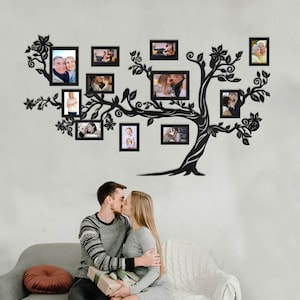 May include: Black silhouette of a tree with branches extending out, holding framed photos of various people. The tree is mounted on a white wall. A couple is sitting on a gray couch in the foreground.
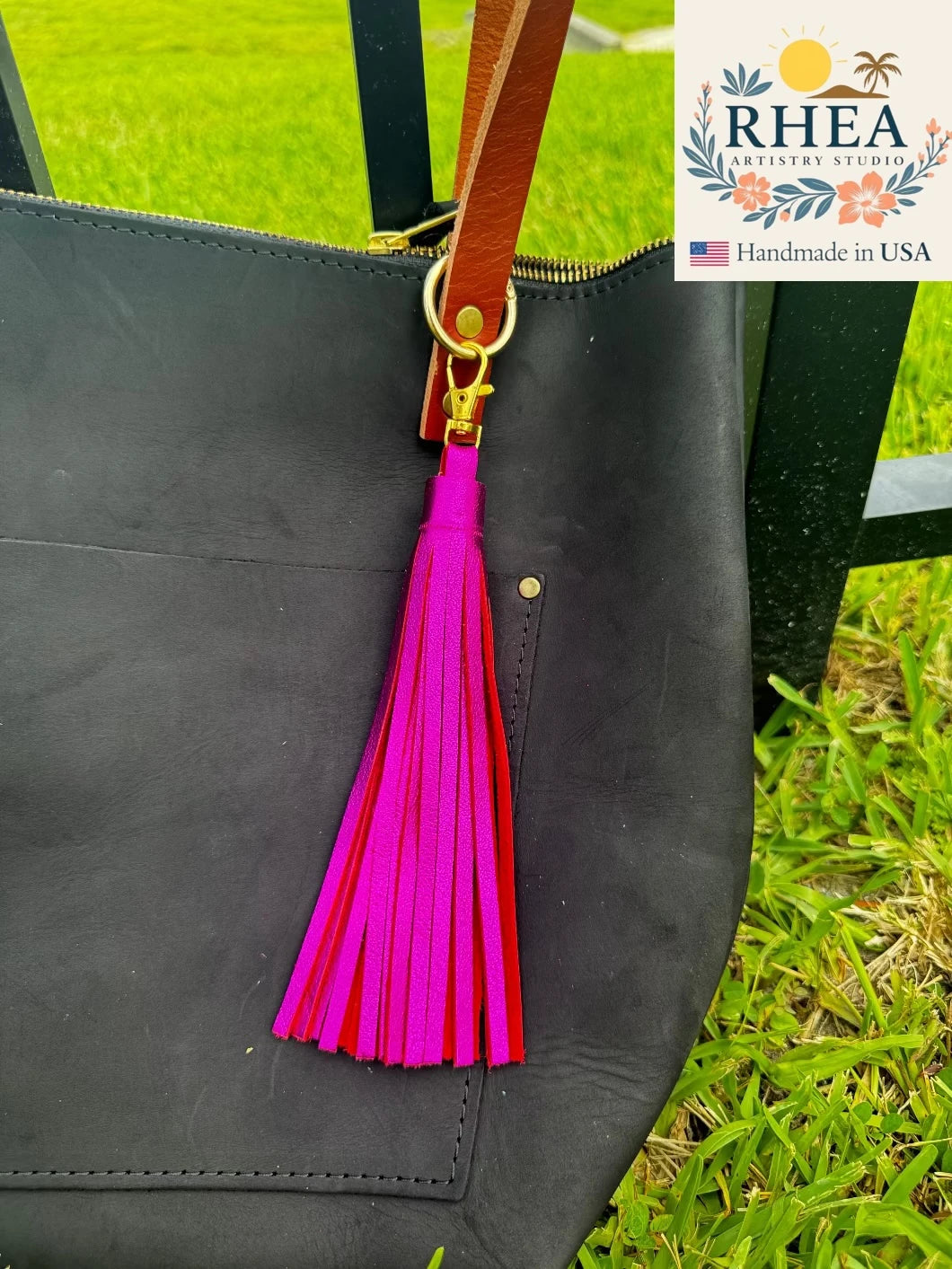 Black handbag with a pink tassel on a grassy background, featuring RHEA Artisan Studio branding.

...

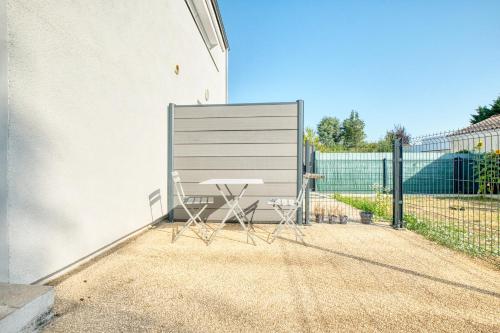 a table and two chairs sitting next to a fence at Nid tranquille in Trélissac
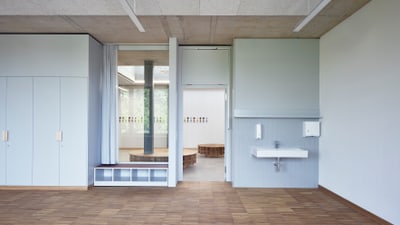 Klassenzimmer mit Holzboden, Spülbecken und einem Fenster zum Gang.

### [WHAT IS NEEDED]
Could you output exactly the lines above, from the line with "a table and" up to and including the line with "Klassenzimmer mit Holzboden, Spülbecken", and nothing else, skipping the pictures?

### [ANSWER TO THIS PROBLEM]
 a table and two chairs sitting next to a fence at Nid tranquille in Trélissac
 Klassenzimmer mit Holzboden, Spülbecken und einem Fenster zum Gang.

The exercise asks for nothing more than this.